ROI-Beispiel: Hotel mit 60 Zimmern, durchschnittliche Auslastung 70 Prozent, aktuelle Last-Minute-Stornierungsquote 18 Prozent (entspricht dem deutschen Durchschnitt laut SiteMinder 2024). Durchschnittliche Zimmerrate 120 Euro (Benchmark: bundesdeutsche Stadthotels erreichten 2024 im Sommer bis zu 192 Euro ADR). Jährliche Last-Minute-Stornierungen: ca. 1.000. Reduktion um 25 Prozent = 250 Zimmernächte gesichert × 120 Euro = 30.000 Euro zusätzlicher Umsatz bei Tool-Kosten von 2.000–6.000 Euro/Jahr.

Realistischer Zeitplan

PhaseDauerWas passiertTypisches Risiko
Daten-AuditWoche 1Buchungshistorie der letzten 2–3 Jahre auf Vollständigkeit prüfenStornierungsursachen nicht dokumentiert — Modell kann nur Buchungsmerkmale analysieren
Analyse & MustererkennungWoche 2–3Stornierungsmuster identifizieren, Hochrisiko-Segmente definierenZu kleiner Datensatz (<500 Buchungen) für belastbare Muster
Kommunikationstemplates entwickelnWoche 3–4E-Mail-Texte für verschiedene Risikogruppen und Intervalle erstellenZu werblicher Ton — Erinnerungsmails sollten serviceorientiert wirken
Automatisierung einrichtenWoche 4–6Make.com-Workflows für automatische Mailings bei erkanntem Risiko aufsetzenPMS-Schnittstelle nicht offen — manuelle Datenübergabe als Übergangslösung
Kalibrierung & MessungAb Monat 2Stornierungsquoten vor/nach Maßnahmen vergleichen, Schwellenwerte anpassenKonfundierung mit saisonalen Effekten — Messzeitraum mind. 3 Monate

Häufige Einwände

„Wir können Stornierungen durch höhere Gebühren reduzieren — das braucht keine KI.” Höhere Stornierungsgebühren schrecken auch die ab, die tatsächlich buchen würden. Proaktive Kommunikation mit Hochrisiko-Buchungen ist wirksamer: Ein Upgrade-Angebot oder eine freundliche Erinnerung mit zusätzlichem Mehrwert erhöht die Bindung, ohne neue Buchungen zu verhindern.

„Wir haben nicht genug historische Daten für ein Modell.” Unter 500 historischen Buchungen lohnt sich ein ML-Modell noch nicht. Aber schon eine einfache Segmentierung (OTA-Buchung + flexible Rate + Buchung > 6 Monate im Voraus = Hochrisiko) bringt 60 Prozent des Nutzens eines vollständigen Modells — ohne technischen Aufwand.
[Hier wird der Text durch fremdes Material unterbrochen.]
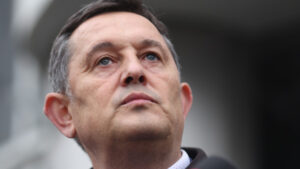 Piperea: opoziția pregătește șase moțiuni de cenzură împotriva Guvernului Bolojan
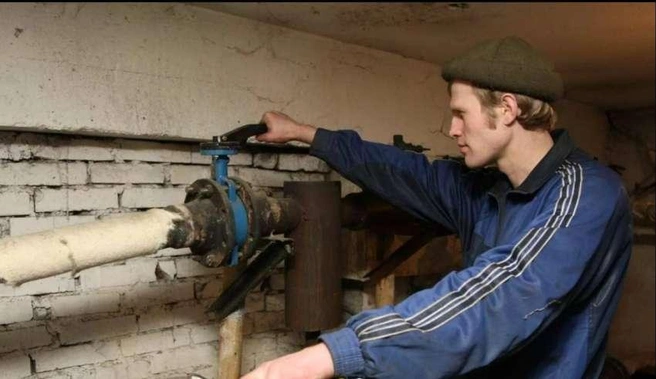 При подготовке минимального перечня работ Минстрой опирался на перечень общественного совета по ЖКХ и на постановление правительства | Источник: nk-tv.com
„Unsere Gäste wollen keine Mails von uns vor der Anreise.” Relevante, nützliche Kommunikation wird nicht als störend wahrgenommen. Eine Mail eine Woche vor Anreise mit Tipps, Wetterbericht und einem optionalen Zimmer-Upgrade ist kein Spam — es ist Service. Die Öffnungsraten für Pre-Stay-E-Mails liegen laut Revinate-Benchmarks bei 40 bis 60 Prozent, deutlich über normalen Marketing-Mails.